ACTIVITY —
Repeat only the lines below that run from the line with "Samsung Galaxy S24" to the line with "じゅるちゃん's cooksnap of", ends included; skip every picture.

INFORMATION —
* * *
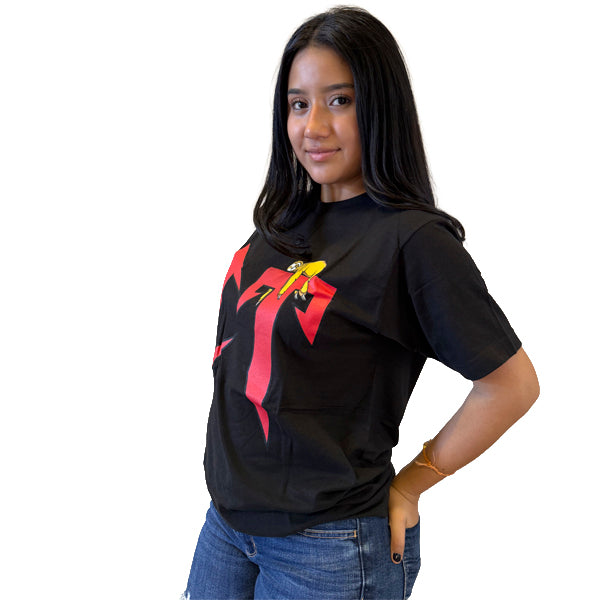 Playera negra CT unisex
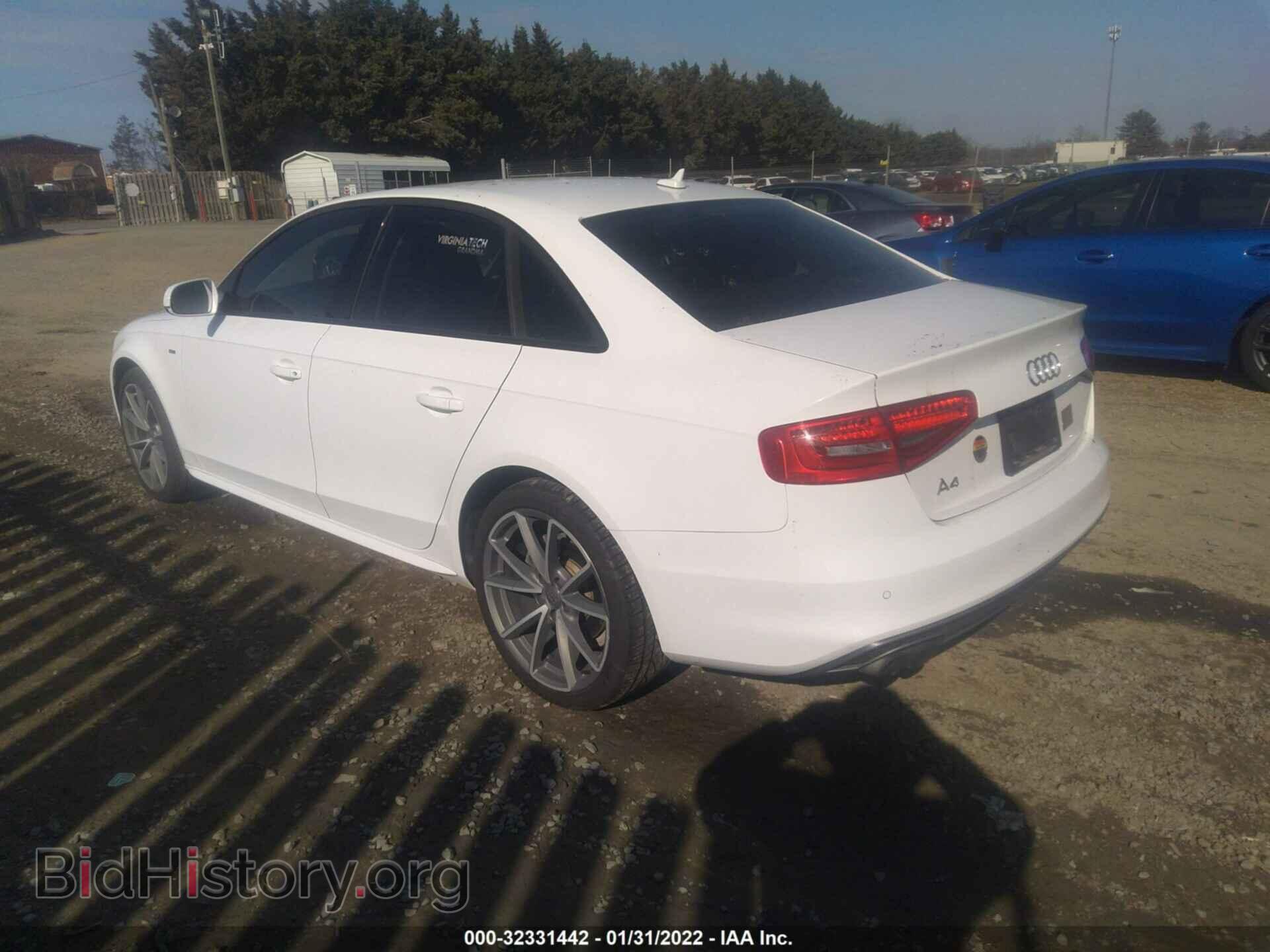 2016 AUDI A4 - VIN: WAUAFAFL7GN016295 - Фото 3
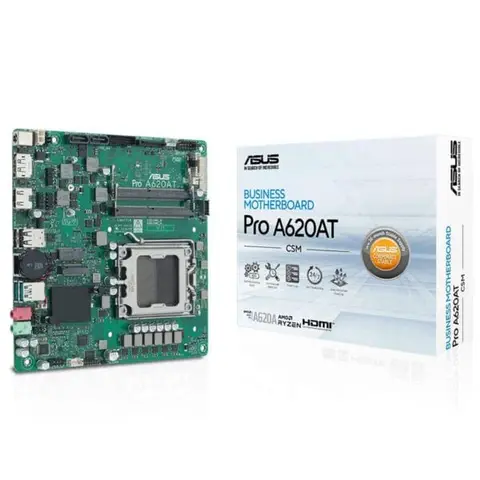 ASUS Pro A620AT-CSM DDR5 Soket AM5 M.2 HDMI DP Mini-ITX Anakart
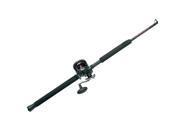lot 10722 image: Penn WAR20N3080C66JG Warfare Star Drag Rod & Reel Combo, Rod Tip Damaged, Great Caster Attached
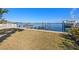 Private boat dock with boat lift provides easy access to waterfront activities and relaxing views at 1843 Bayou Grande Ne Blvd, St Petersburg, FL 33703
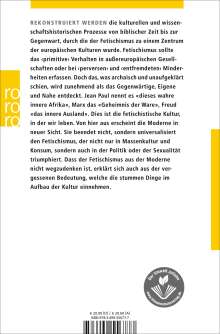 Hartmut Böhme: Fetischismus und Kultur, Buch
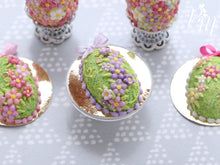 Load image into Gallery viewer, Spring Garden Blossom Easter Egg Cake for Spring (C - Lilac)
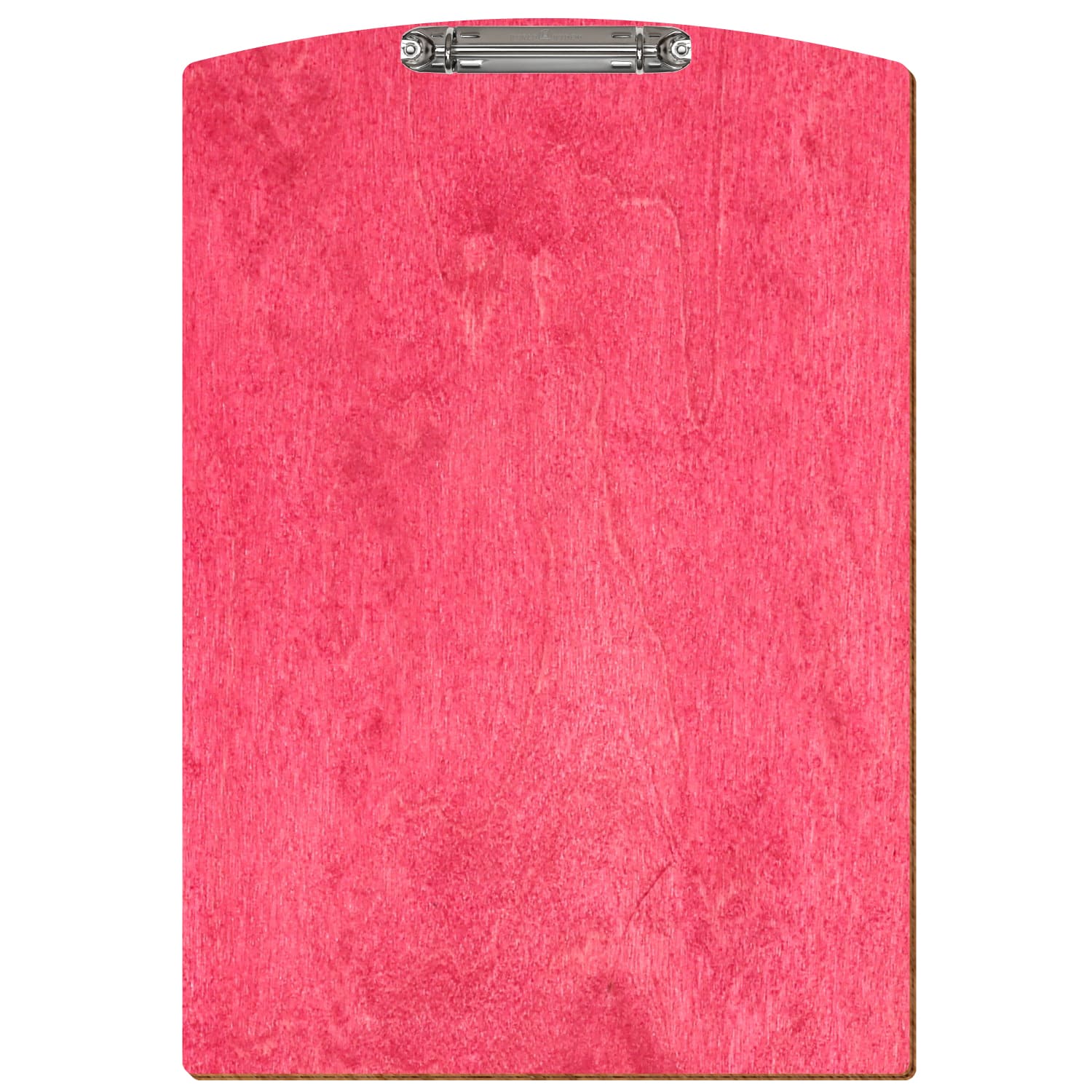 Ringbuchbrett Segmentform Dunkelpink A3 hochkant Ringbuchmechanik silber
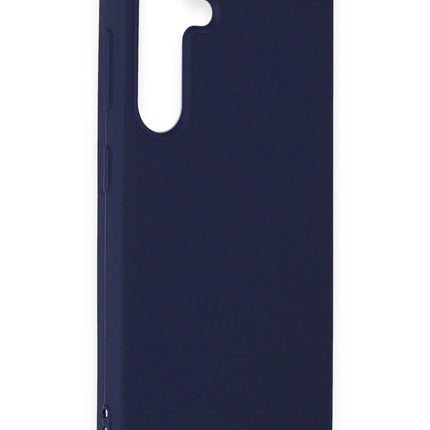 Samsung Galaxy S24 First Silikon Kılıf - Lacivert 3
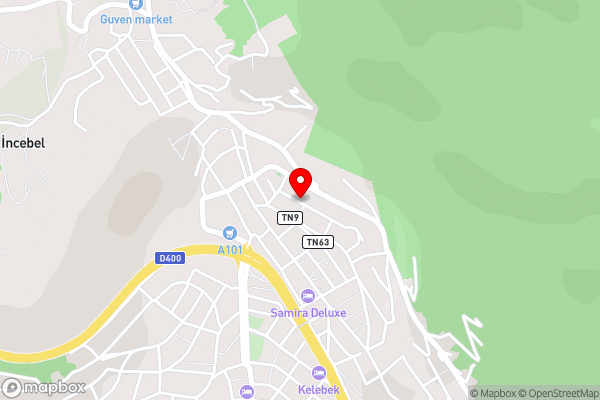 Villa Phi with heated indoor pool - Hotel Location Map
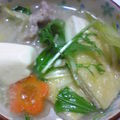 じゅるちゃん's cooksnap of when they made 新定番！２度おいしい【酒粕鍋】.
* * *
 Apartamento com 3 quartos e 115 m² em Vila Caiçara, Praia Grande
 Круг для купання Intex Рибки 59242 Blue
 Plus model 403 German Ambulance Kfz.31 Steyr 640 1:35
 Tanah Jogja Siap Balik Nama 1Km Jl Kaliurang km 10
* * *
YOUR SOLUTION —
 Samsung Galaxy S24 First Silikon Kılıf - Lacivert 3
 Villa Phi with heated indoor pool - Hotel Location Map
 じゅるちゃん's cooksnap of when they made 新定番！２度おいしい【酒粕鍋】.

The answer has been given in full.